Sharada Keats on the inspiration behind her YA debut These Stolen Lives
Colonial Clash and an EPIC Cost-of-Living Crisis
Part thrilling adventure with found family, part slow-burn romance, part mystery, These Stolen Lives has been described as a YA fantasy dystopia. This guest post was written by Sharada Keats.
What’s it about? It follows seventeen-year-old Mora Dezil dealing with her trauma and guilt, discovering what she wants and summoning the courage to go after it. She’s survived the Skøl’s colonial invasion (though her people colonised this land a hundred years ago). Now she’s living precariously, repaying her supposed ‘debt’, because under Skøl rule, life isn’t free – everyone pays to live. When Mora finds out her young friend Zako is to be put to death for self-defence, she teams up with another survivor (handsome and elusive Kit) to rescue the boy. Their plans are soon upended, and they get mired in a dangerous mystery…
Inspirations…These Stolen Lives is built around the idea of one set of colonials coming in and crushing an existing colonial power. The thing that sets these newcomers apart is their culture of paying for life itself… this means the Skøl regime is one that in many ways oppresses its own alongside its subjugated peoples. I studied economics way back when, so having believable economic underpinnings was an important part of the worldbuilding for me. I also try to write situations that feel real in terms of people’s behaviour. I prefer grey characters to outright do-gooders or purely evil villains, though I’m most interested in the more unsung positives in people and in society; how they get nurtured and the ways we can and do support each other.
Readers will find intersections, hierarchies, and power dynamics galore in this clash of colonial identities, though I set out to focus on ordinary people with a few extraordinary touches. The main characters are not rich or specially privileged. They’re also minorities in their town. I take some inspiration from personal experiences like being an immigrant and coming from a mixed background. I hope young people from different cultures and circumstances can empathise or even recognise aspects of themselves in these pages.
These Stolen Lives doesn’t have a cosy plot or backdrop, but it’s been a kind of escape for me. Writing this was my chance to overlap familiar with more unusual challenges and experiences: dealing with high cost-of-living, trying to make new friends, confronting bullying, getting to work on time, falling in love, saving your friend from execution, uncovering family secrets, plotting prison breaks…
I wanted to create something that would have gripped and surprised young me, but that still has wide appeal – in terms of the gender and to some extent the age spectrum. Its written with a YA (young adult) audience in mind, but I hope some OAs (older adults) can also enjoy it in the way I enjoyed books like The Hunger Games when I read them in my 30s. A lot of the writing process is subconscious, and any cataloguing of inspiration is going to be partial, but I can say my inspirations include family, politics, relationships, travels, the natural world, nostalgia, other books, films etc… I grew up loving dystopia and fantasy.
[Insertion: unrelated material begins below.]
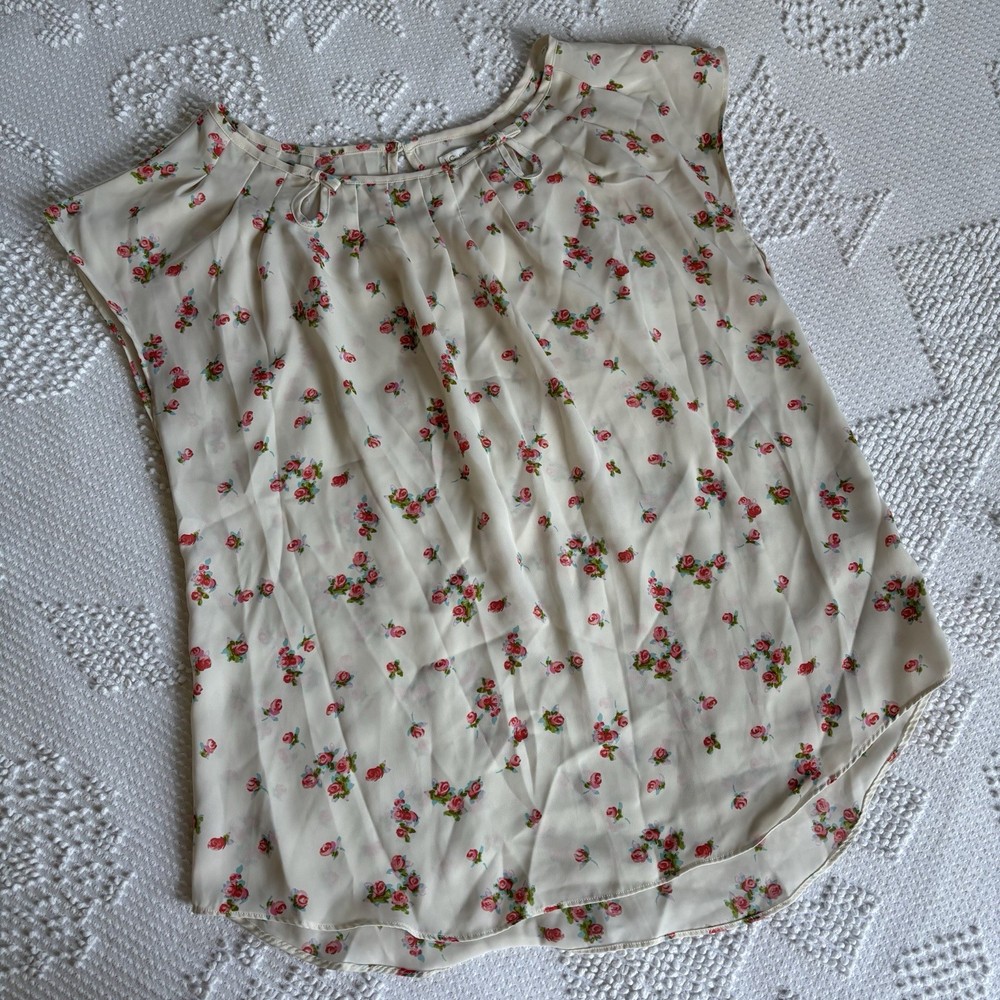 Lauren Conrad women’s size medium ivory floral cap sleeve blouse with bow detail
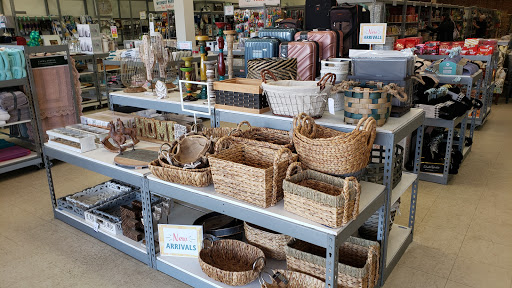 Home Goods Store «Tuesday Morning», reviews and photos, 244 Nelson St, Cartersville, GA 30120, USA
Toni Morrison said: “if there is a book you want to read, and it is not yet written, then you must write it yourself”. Toni Morrison is always inspiring. Everyone reaches for this quote because it’s so true.
Regarding some of the more difficult material… The context of These Stolen Lives might be bleak, but that’s not the primary focus. I’ve deliberately kept a lot of the violence, trauma, oppression etc off-scene – but I hope the anger and justified grievance it evokes punches through. The realities of colonialisation, ethnic cleansing, genocide etc. were and are much more atrocious, violent, and evil than anything detailed here. I think it’s important not to gloss over brutal realities, but like many people, I’m inspired by ideas of tackling injustice, solving problems, and cultivating hope. These Stolen Lives emphasises glimmers of green in the wasteland, pivoting around, not major revolution so much as small victories or light in the darkness.
I hope it finds its readers.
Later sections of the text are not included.